#### [Problem to work on]
Repeat exactly the lines of the material below that run from the "Kia Sportage 1.6" line to the "Circle of Frens² #9597" line, including both, and do not carry over any pictures.
*****
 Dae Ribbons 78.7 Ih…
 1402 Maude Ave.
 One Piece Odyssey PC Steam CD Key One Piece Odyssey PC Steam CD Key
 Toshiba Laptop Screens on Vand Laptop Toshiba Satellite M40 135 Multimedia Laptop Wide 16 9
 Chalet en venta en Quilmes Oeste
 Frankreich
*****
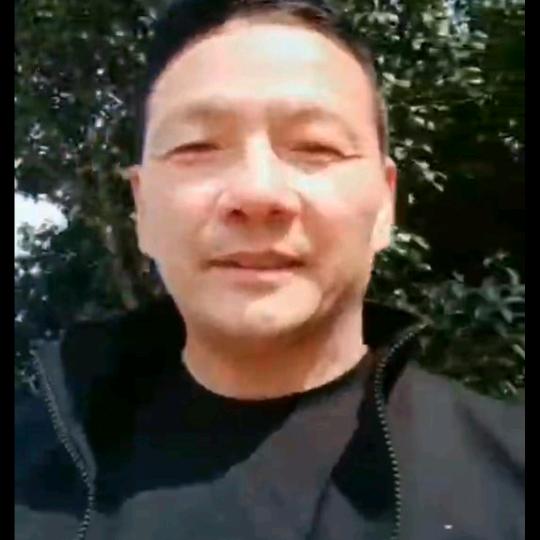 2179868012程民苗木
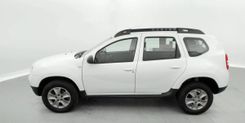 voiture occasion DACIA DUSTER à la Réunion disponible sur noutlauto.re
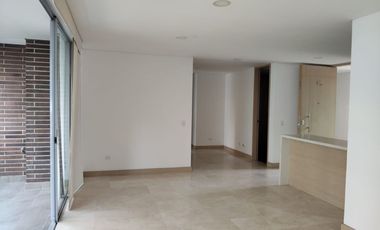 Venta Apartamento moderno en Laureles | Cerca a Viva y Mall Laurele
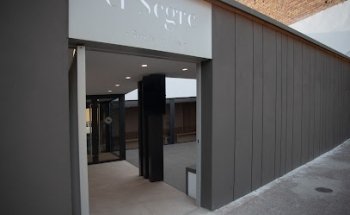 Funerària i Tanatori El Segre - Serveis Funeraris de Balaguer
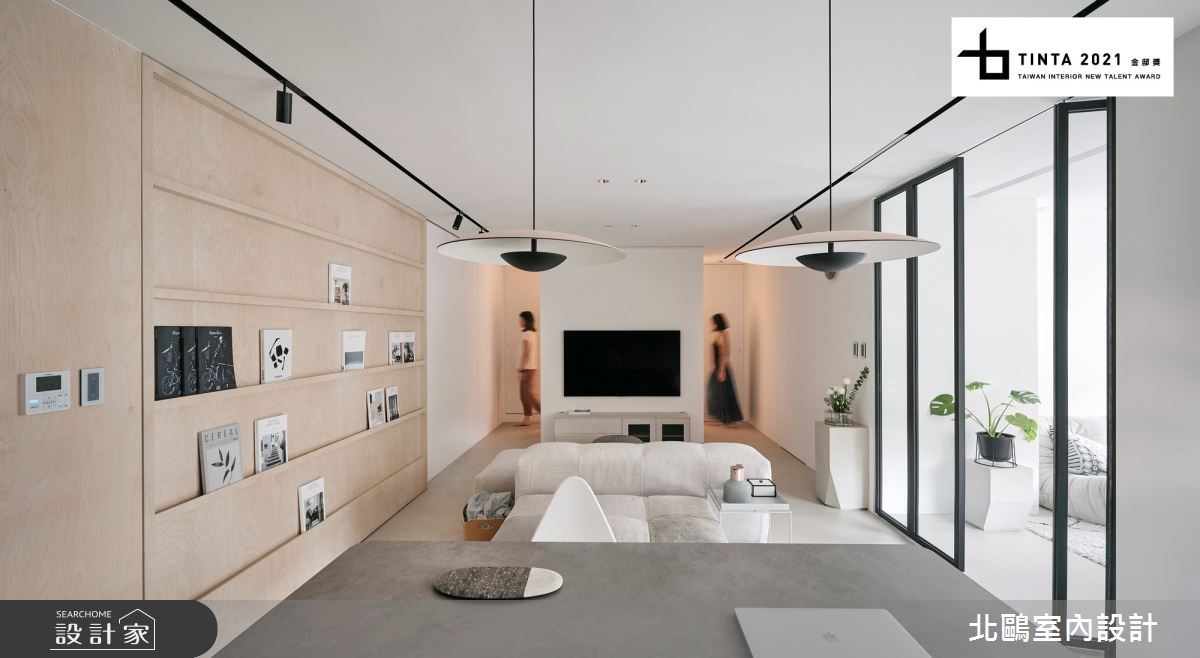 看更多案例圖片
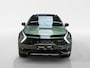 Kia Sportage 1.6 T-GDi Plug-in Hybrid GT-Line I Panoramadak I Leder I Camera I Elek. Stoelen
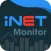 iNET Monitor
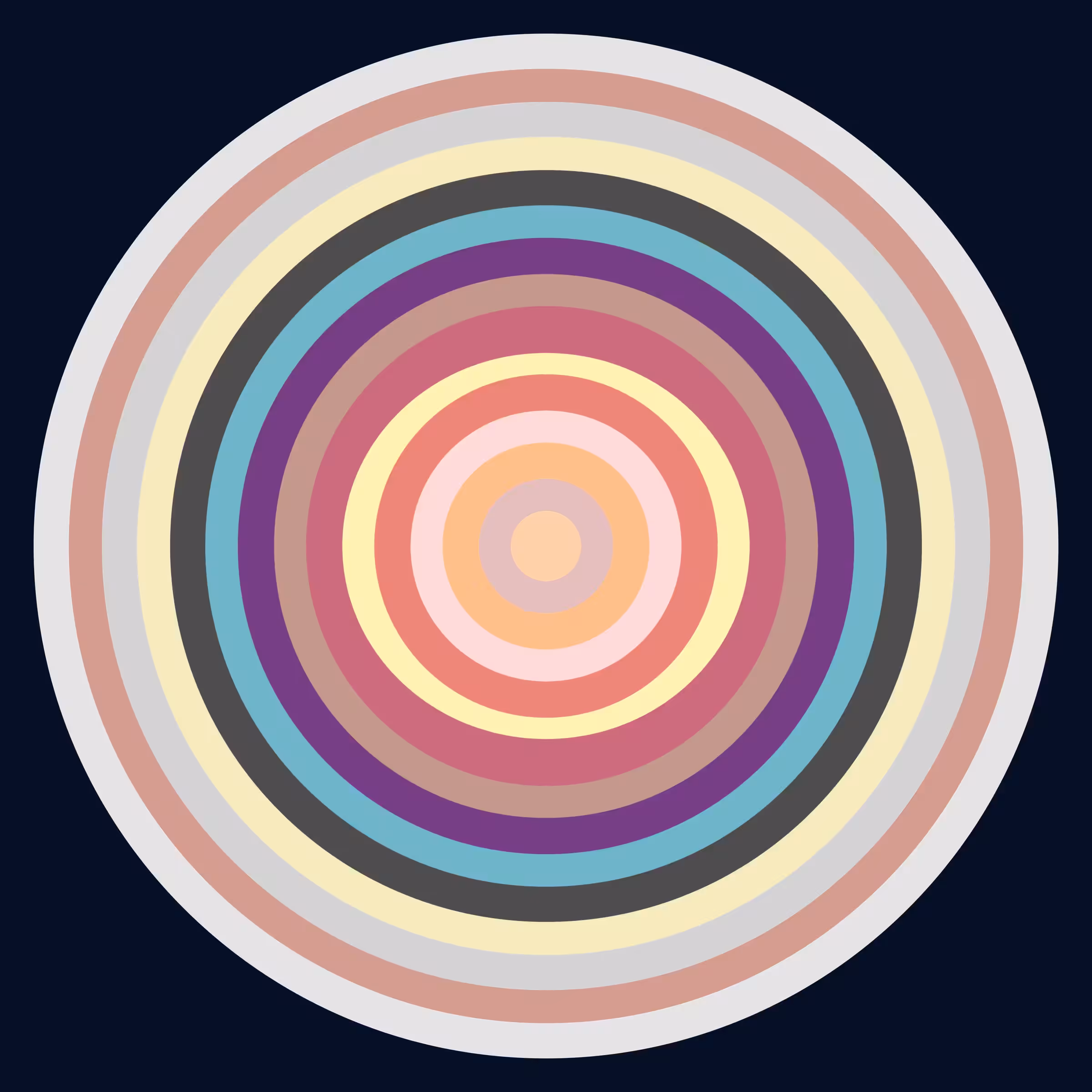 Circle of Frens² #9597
*****
#### [Finished exercise]
 Kia Sportage 1.6 T-GDi Plug-in Hybrid GT-Line I Panoramadak I Leder I Camera I Elek. Stoelen
 iNET Monitor
 Circle of Frens² #9597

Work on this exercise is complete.